Curling irons and/or hair straighteners are not that expensive. Go to wal-mart and you can find 'em for less than 20 bucks. I got my curling iron used from a thrift store for three bucks. I don't use it for anything but yarn for floofs, so I don't care who owned it before, a quick wipe down with rubbing alcohol and I was on my way.


----------



## Osiris the jackal (Feb 18, 2013)

I use a standard iron.


----------



## Faustus (Feb 18, 2013)

Nataku said:


> So long as you aren't trying to curl the fluffs around the curling iron, its the same effect, the heat takes the frizziness out of the yarn and makes it nice and soft.

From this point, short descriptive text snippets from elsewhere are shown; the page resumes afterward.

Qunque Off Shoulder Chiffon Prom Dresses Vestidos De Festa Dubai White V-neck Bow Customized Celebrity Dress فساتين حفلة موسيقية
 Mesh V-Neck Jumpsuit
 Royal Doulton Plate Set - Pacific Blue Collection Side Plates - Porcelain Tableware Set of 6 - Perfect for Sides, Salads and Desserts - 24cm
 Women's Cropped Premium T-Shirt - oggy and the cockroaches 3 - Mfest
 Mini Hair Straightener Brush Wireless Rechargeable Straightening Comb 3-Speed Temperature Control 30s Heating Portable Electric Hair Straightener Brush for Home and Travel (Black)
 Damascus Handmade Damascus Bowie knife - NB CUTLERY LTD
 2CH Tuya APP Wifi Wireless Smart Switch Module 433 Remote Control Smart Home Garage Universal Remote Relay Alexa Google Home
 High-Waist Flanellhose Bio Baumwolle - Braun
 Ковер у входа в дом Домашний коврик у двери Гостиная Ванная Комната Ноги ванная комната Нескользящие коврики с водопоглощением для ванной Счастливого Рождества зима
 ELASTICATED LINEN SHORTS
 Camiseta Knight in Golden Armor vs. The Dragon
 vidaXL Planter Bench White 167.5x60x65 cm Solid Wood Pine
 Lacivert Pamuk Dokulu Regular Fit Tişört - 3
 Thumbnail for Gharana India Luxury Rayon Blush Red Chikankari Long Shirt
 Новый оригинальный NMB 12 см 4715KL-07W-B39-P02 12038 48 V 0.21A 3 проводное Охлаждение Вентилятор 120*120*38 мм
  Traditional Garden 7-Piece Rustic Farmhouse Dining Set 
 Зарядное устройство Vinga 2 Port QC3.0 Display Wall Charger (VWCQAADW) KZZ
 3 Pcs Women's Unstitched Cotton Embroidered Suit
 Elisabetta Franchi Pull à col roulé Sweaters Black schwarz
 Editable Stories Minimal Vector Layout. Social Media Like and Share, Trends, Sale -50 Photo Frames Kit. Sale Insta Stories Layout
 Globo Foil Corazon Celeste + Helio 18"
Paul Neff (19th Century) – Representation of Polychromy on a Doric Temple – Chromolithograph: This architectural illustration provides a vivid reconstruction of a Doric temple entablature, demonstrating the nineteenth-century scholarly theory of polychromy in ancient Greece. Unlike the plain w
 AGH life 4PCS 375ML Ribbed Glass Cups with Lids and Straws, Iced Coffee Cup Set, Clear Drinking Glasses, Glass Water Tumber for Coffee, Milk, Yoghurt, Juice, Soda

That makes me wonder, if you DID curl the fluffs around the iron, would you get fancy floofy permed tails?

-F


----------



## Nataku (Feb 19, 2013)

I tried that on a couple fluffs just to see while making my last tail. They curled, but they'd don't hold the curl. The curl tends to mostly undue itself after five-ten minutes. I left a few different fluffs I'd tried curling for various times out overnight to sit on a counter and see how that worked. The next morning they were slightly wavy at best. They tended to stay slightly wavy even after being brushed straight again, but it certainly wasn't anything I'd call 'curly'.


----------



## Cloudy (Feb 19, 2013)

I recommend just going and buying a straightener if you don't have some sort of heating alternative. They are as cheap as $15 at Walmart, you may even be lucky enough to find one on clearance for less, or get one used at a Goodwill or something. Sure, the $15 ones aren't the greatest in my opinion, but they tend to do the trick (you sometimes just need to go over the yarn slower, because sometimes they don't get as hot). Reason being, the heat changes the nature of the fiber. End point, though--you do it to make the finished product look better. Sure, you can make a yarn tail without a straightener. But it's not going to look as good as if you had used one, in general. "If something's worth doing, it's worth doing well."


----------